The deposition is set to take place in May behind closed doors.

Hannah Nightingale Washington DC

Chief executive of JPMorgan Chase Jamie Dimon is set to be interviewed under oath over his bank’s decision to keep on infamous financier Jeffrey Epstein as a client as part of two of lawsuits brought forth by an alleged Epstein victim and the US Virgin Islands.

The deposition is set to take place in May behind closed doors, according to the Financial Times. JPMorgan banked Epstein from 1998 to 2013.

The lawsuits claimed that JPMorgan ignored several internal warnings regarding Epstein’s illegal activities and that the banking giant benefitted from human trafficking.
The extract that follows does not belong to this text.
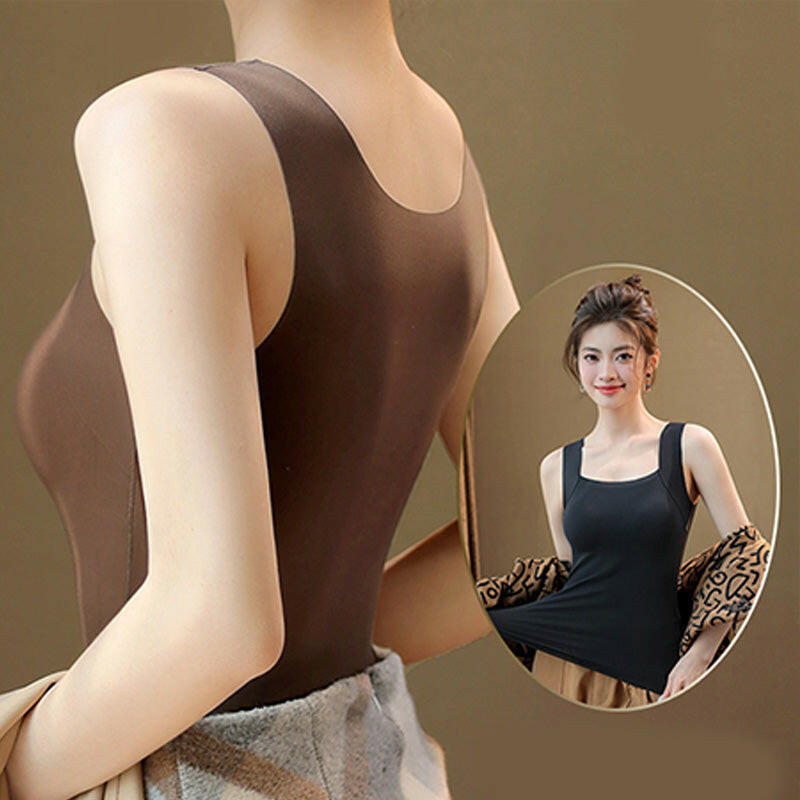 Women’s U-Neck Thermal Tank with Built-In Bra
The bank has called these claims meritless.

During the pre-trial process, communications between JPMorgan employees revealed a reference to a "Dimon review" into the bank’s relationship with Epstein.
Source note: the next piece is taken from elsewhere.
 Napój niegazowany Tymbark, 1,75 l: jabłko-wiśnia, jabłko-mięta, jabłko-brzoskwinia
According to the Financial Times, JPMorgan has denied that Dimon had any knowledge of such a review. A person familiar with the matter said that no record was found during the internal probe of Dimon being in direct contact with Epstein or being included in any discussions regarding keeping him as a client.

JPMorgan lawyers have resisted attempts to depose Dimon, and have tried to limit during the pre-trial process the range of documents handed over. 

Judge Jed Rakoff denied in part last week the bank’s request to dismiss the lawsuit, and allowed some of the claims made against JPMorgan as well as Deutsche Bank to proceed.

Rakoff later ordered the bank to hand over communications regarding Dimon and former general counsel Steve Cutler from before 2006, when Epstein was first arrested.

Former JPMorgan executive Jes Staley is set to be deposed by his former employer’s lawyers in April, with the complaint stating that Staley witnessed and participated in sex crimes at Epstein’s residences and did not disclose such details.

A person familiar with the matter told the Financial Times that Dimon was originally set to be deposed in April as well, but lawyers argued that Dimon’s interview should take place after Staley’s.